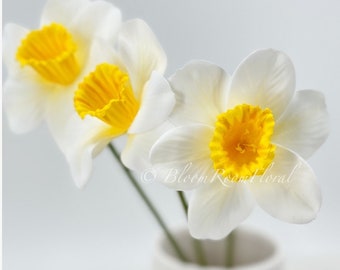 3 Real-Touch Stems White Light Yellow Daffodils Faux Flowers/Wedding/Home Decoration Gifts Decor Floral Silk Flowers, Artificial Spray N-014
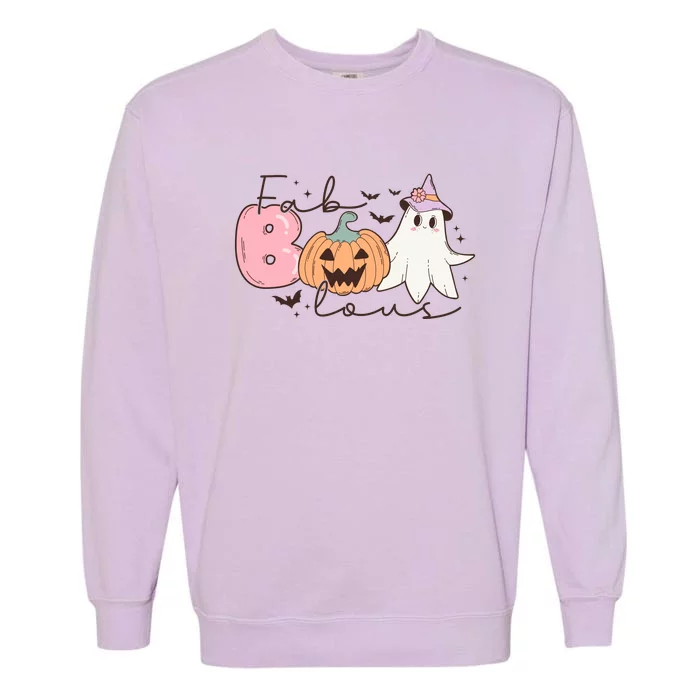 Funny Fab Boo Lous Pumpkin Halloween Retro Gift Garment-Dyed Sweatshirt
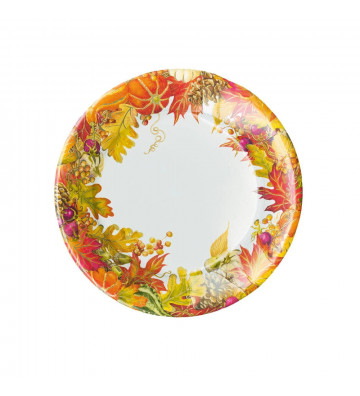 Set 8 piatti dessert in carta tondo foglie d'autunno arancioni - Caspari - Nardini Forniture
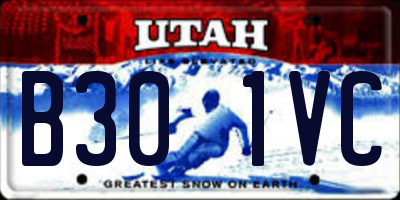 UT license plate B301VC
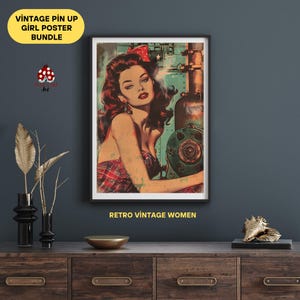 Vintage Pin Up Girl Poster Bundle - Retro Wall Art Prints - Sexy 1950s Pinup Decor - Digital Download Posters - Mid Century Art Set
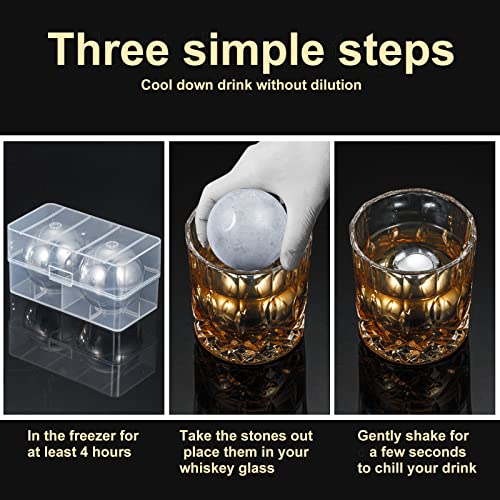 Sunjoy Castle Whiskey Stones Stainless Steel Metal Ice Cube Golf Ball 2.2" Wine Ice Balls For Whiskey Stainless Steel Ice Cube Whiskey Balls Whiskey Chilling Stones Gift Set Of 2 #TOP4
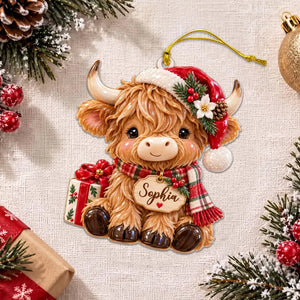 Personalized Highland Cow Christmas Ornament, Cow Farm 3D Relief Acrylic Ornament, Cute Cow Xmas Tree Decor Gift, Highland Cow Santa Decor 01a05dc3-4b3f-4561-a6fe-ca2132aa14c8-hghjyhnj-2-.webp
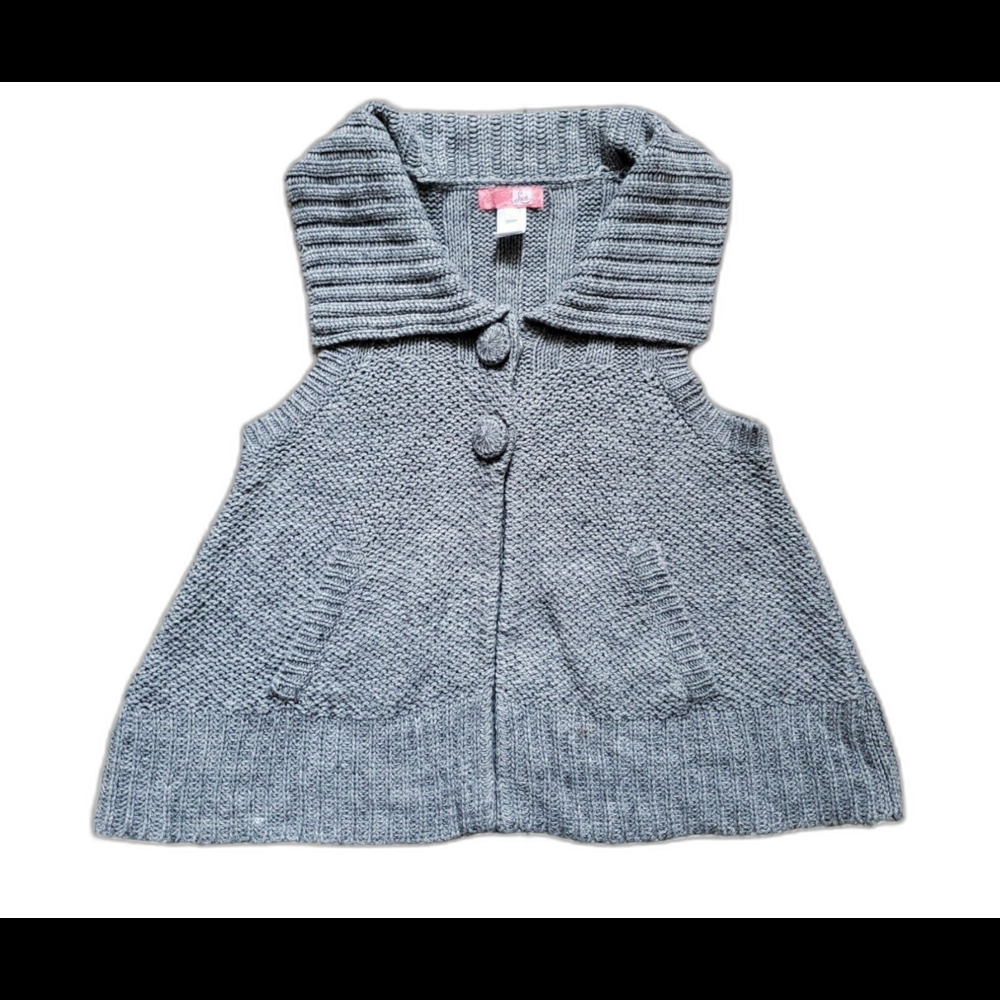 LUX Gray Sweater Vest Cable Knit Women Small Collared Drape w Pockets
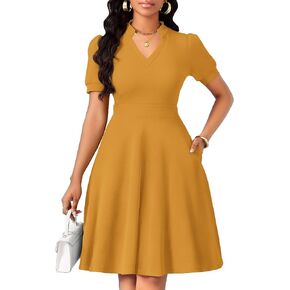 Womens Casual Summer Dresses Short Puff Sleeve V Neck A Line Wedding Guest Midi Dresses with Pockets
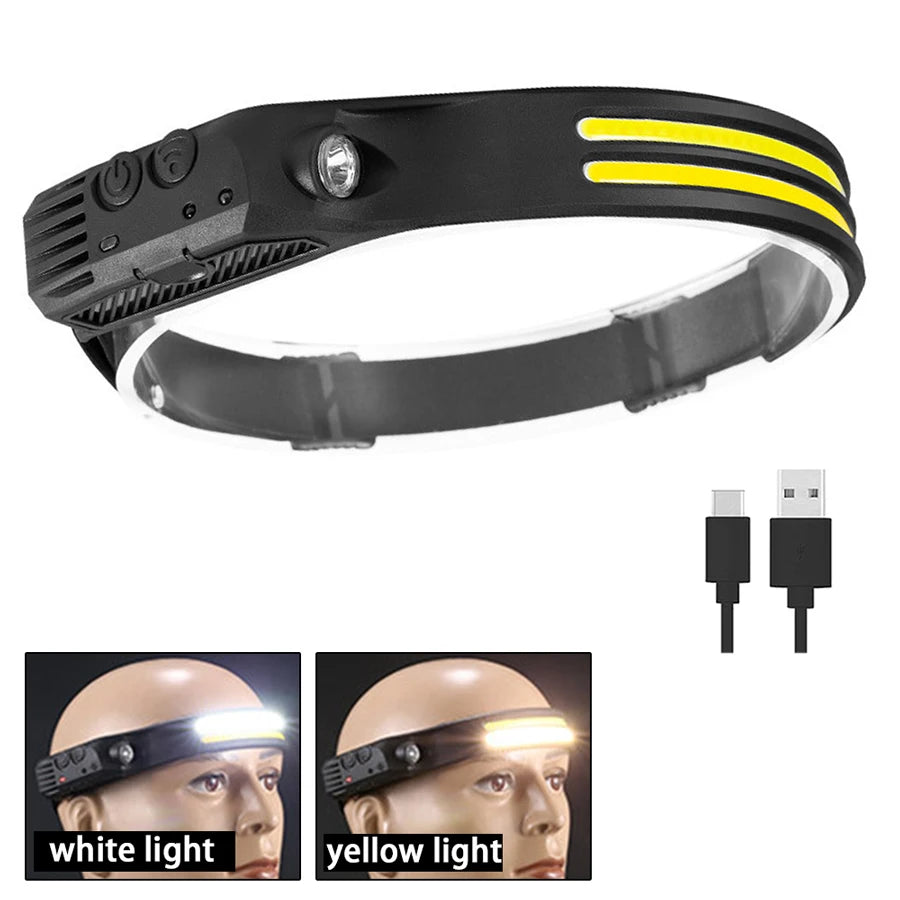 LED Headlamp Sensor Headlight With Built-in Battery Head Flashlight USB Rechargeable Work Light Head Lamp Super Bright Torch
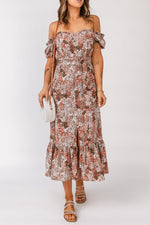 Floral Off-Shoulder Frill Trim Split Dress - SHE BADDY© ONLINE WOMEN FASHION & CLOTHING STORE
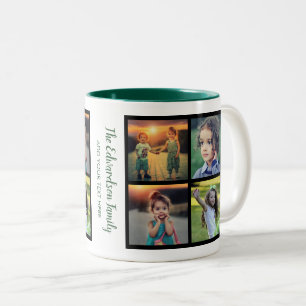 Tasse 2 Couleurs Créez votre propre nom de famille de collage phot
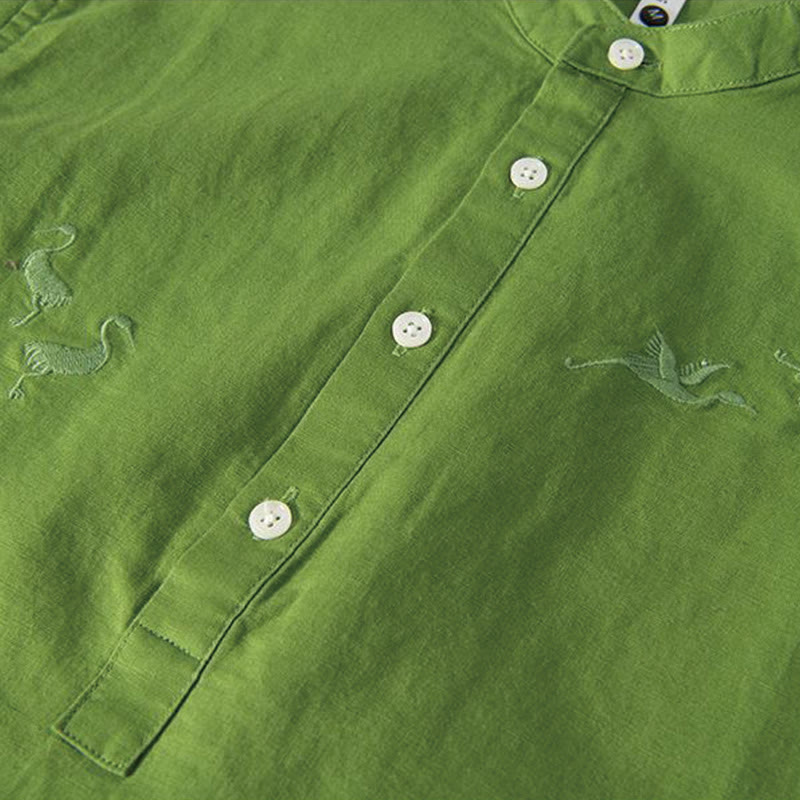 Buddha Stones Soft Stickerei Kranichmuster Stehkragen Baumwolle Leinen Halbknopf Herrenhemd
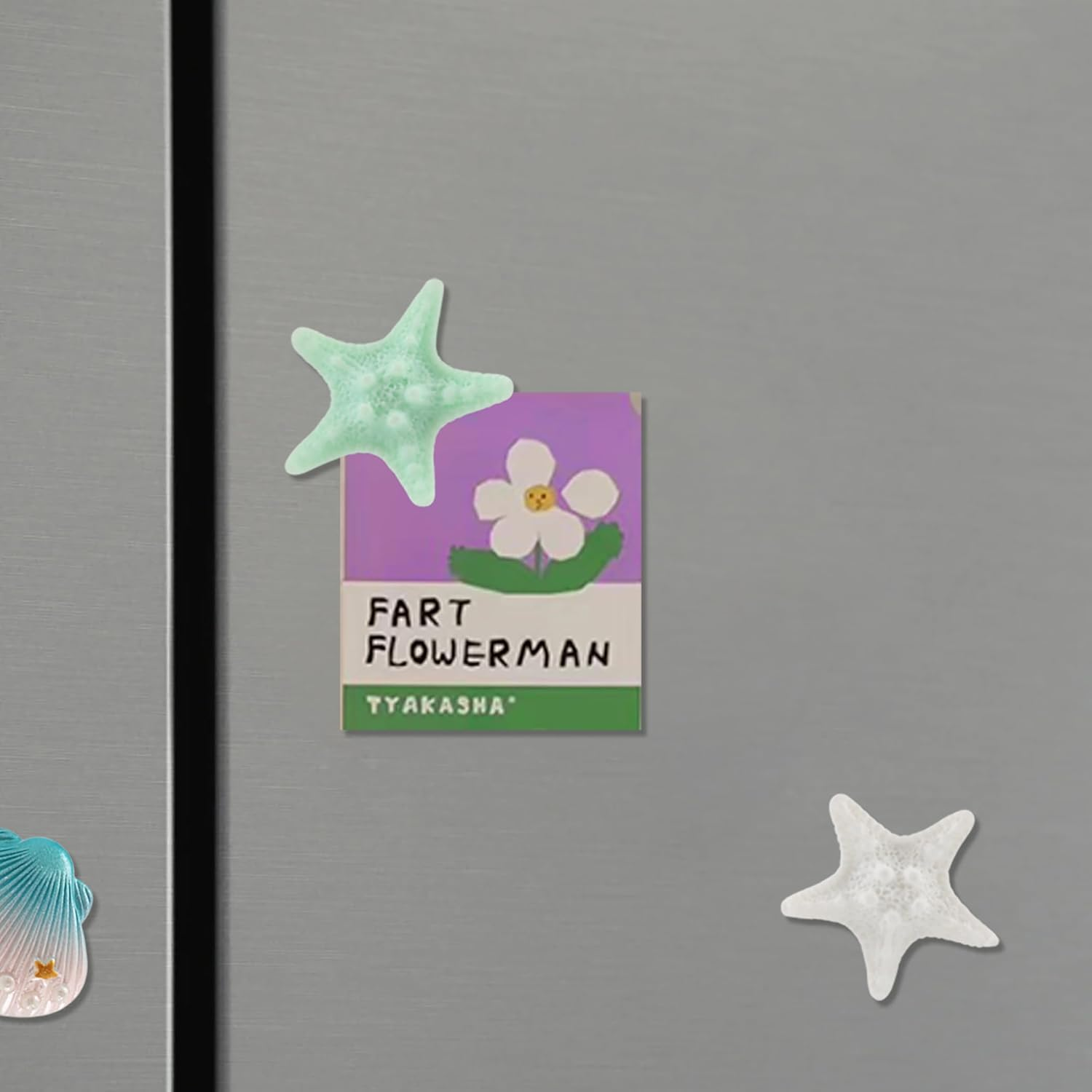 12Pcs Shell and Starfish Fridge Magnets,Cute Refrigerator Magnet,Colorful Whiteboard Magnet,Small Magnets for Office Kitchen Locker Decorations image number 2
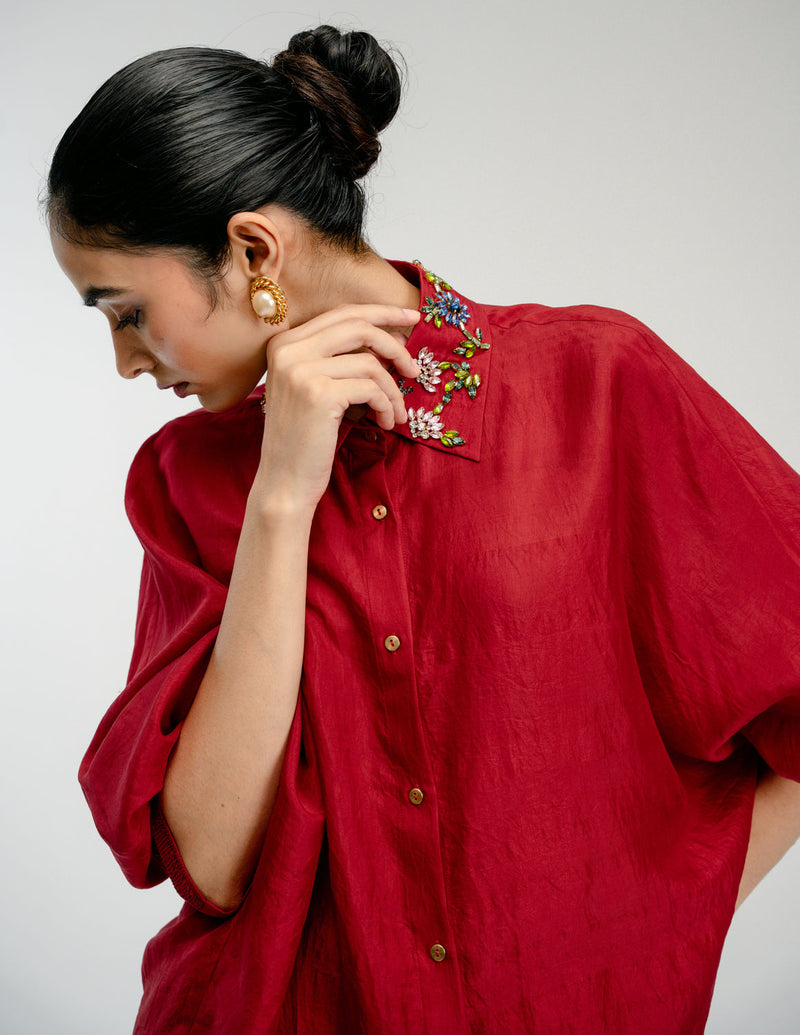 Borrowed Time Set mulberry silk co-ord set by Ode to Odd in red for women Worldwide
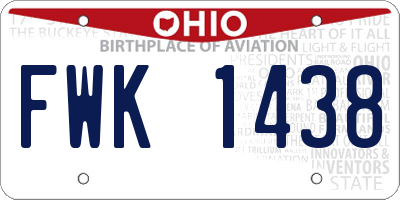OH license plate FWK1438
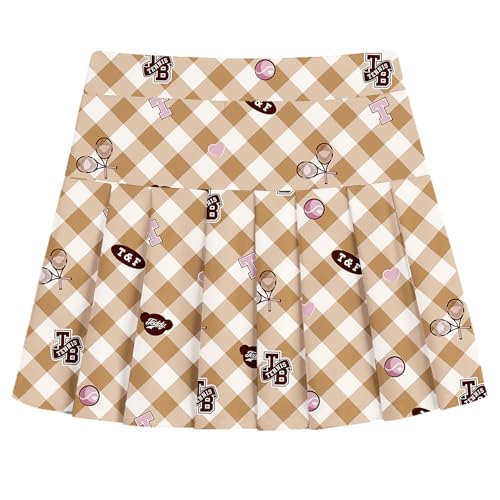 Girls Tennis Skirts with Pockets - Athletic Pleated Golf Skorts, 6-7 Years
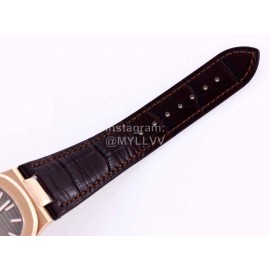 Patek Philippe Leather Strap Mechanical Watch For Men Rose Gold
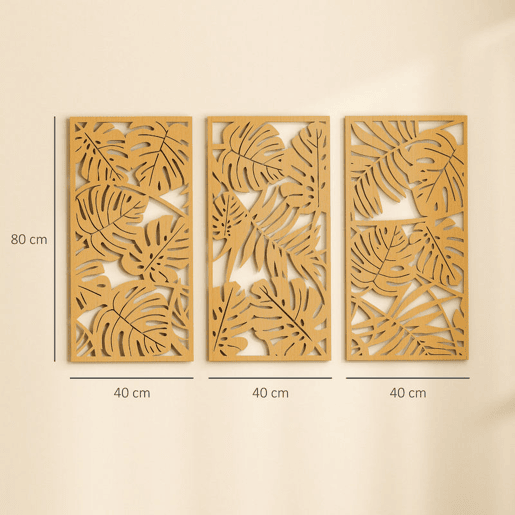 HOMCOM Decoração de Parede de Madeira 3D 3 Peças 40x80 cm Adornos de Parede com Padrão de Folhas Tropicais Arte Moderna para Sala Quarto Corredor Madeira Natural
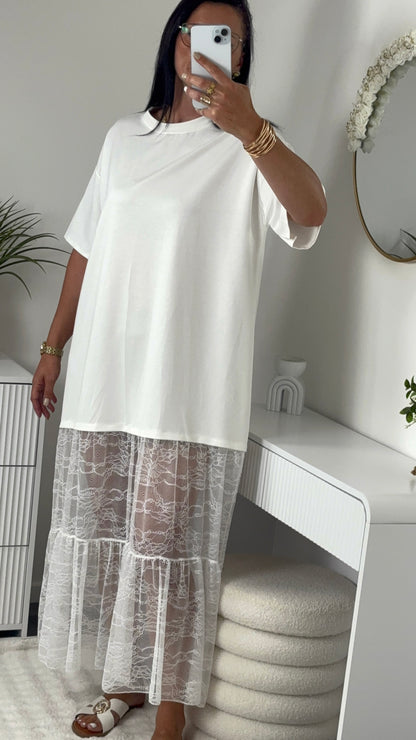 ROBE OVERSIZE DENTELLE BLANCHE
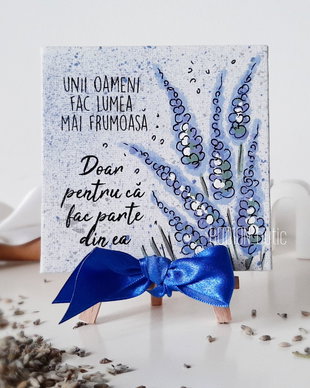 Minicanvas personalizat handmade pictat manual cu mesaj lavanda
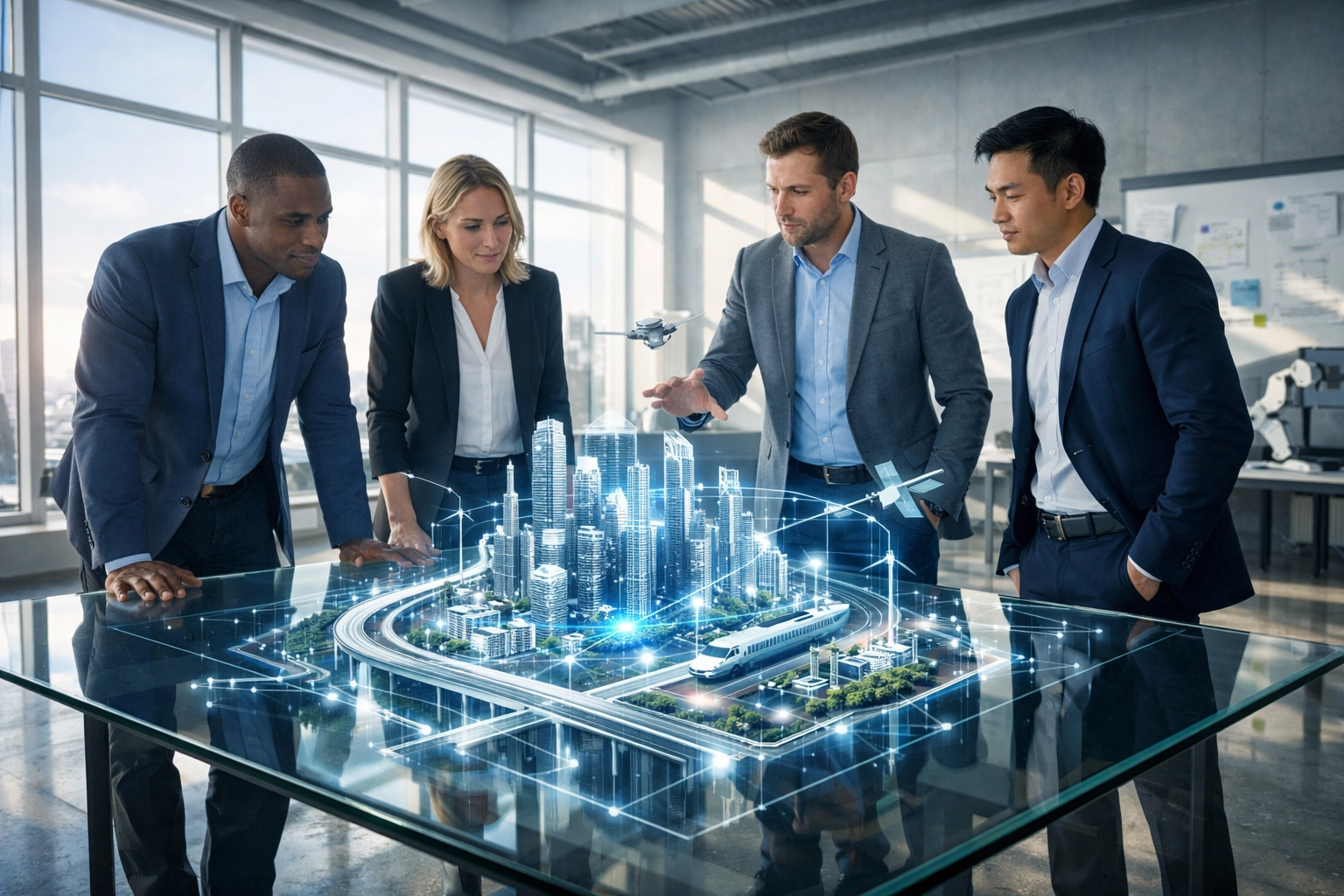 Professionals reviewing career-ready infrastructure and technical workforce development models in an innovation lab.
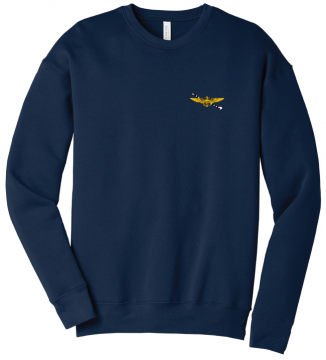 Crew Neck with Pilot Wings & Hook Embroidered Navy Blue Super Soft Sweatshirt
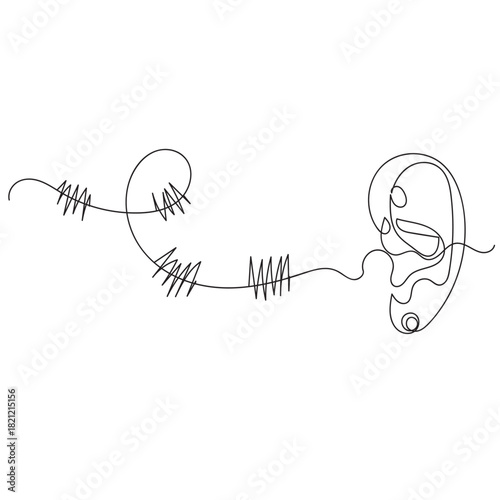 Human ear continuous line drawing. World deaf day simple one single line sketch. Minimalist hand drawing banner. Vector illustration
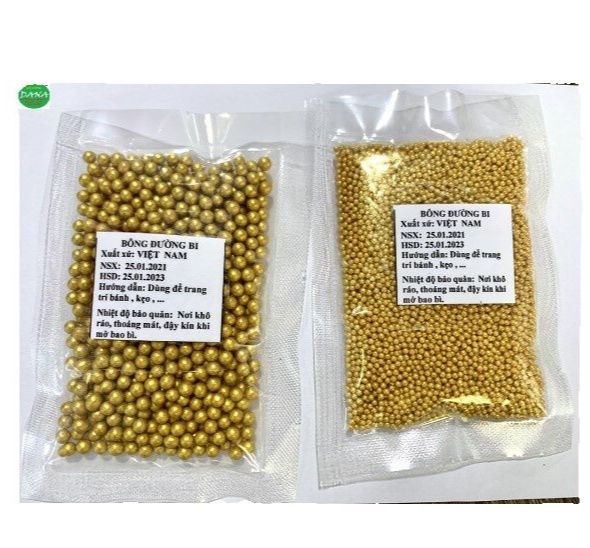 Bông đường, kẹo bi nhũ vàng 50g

*WORK ORDER:*
Reproduce the data above exactly, but only from the line containing "Personalized Highland Cow" through the line containing "Buddha Stones Soft"; skip the pictures.

*ANSWER TO THE EXERCISE:*
 Personalized Highland Cow Christmas Ornament, Cow Farm 3D Relief Acrylic Ornament, Cute Cow Xmas Tree Decor Gift, Highland Cow Santa Decor 01a05dc3-4b3f-4561-a6fe-ca2132aa14c8-hghjyhnj-2-.webp
 LUX Gray Sweater Vest Cable Knit Women Small Collared Drape w Pockets
 Womens Casual Summer Dresses Short Puff Sleeve V Neck A Line Wedding Guest Midi Dresses with Pockets
 LED Headlamp Sensor Headlight With Built-in Battery Head Flashlight USB Rechargeable Work Light Head Lamp Super Bright Torch
 Floral Off-Shoulder Frill Trim Split Dress - SHE BADDY© ONLINE WOMEN FASHION & CLOTHING STORE
 Tasse 2 Couleurs Créez votre propre nom de famille de collage phot
 Buddha Stones Soft Stickerei Kranichmuster Stehkragen Baumwolle Leinen Halbknopf Herrenhemd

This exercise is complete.